Instruction for the entries below: return the part that opens with the line containing "May 2017 closeup side of teeth before" and closes with the line containing "Before & After Image", exactly, and no pictures.

━━━━━ DATASET EXCERPTS

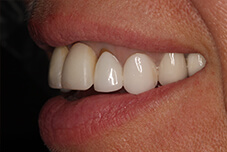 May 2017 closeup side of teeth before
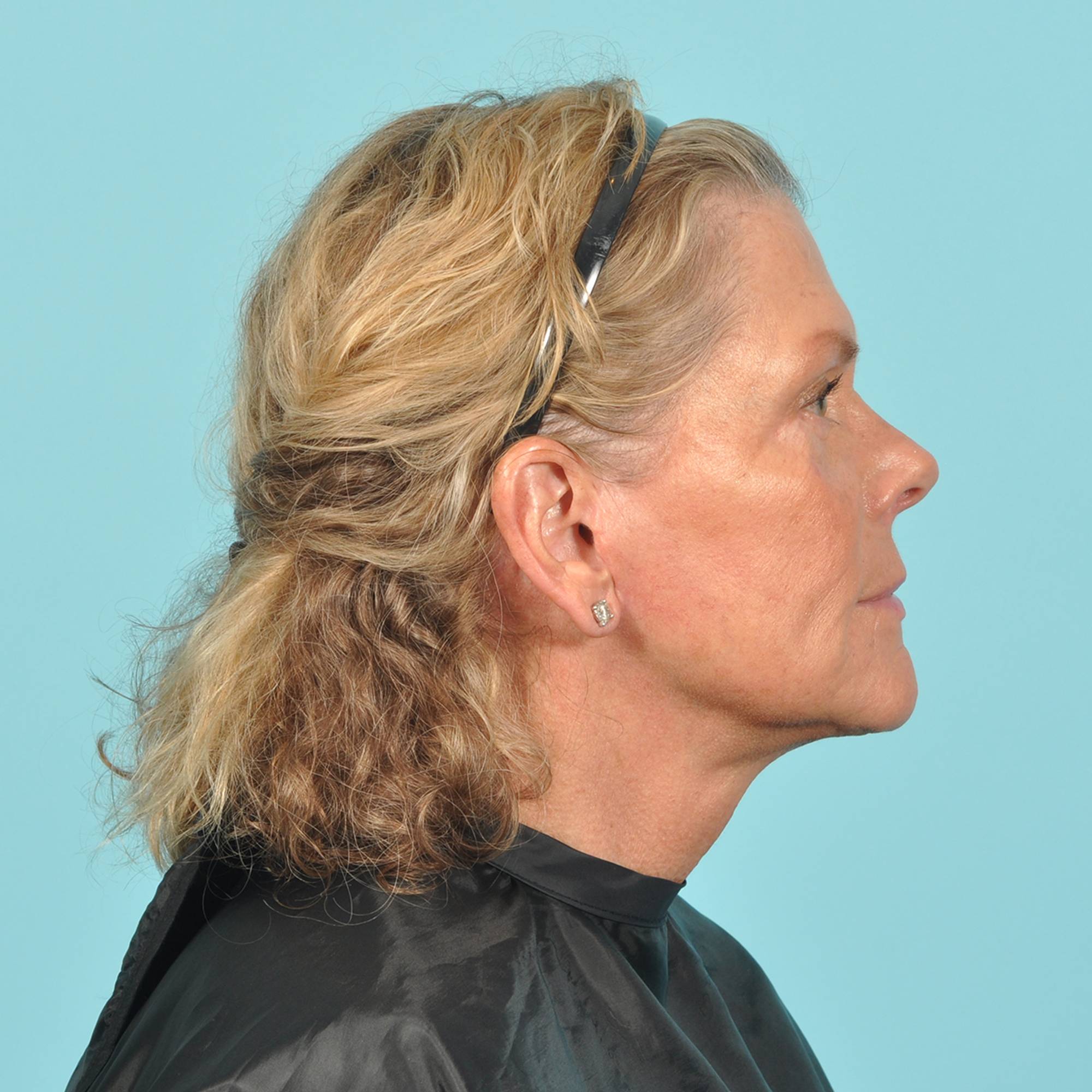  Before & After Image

━━━━━━━━━━
━━━━━ DATASET EXCERPTS

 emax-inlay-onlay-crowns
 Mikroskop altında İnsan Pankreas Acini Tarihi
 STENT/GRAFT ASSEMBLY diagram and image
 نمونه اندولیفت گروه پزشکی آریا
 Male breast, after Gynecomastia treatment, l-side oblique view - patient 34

━━━━━━━━━━

* YOUR RESPONSE *
 May 2017 closeup side of teeth before
  Before & After Image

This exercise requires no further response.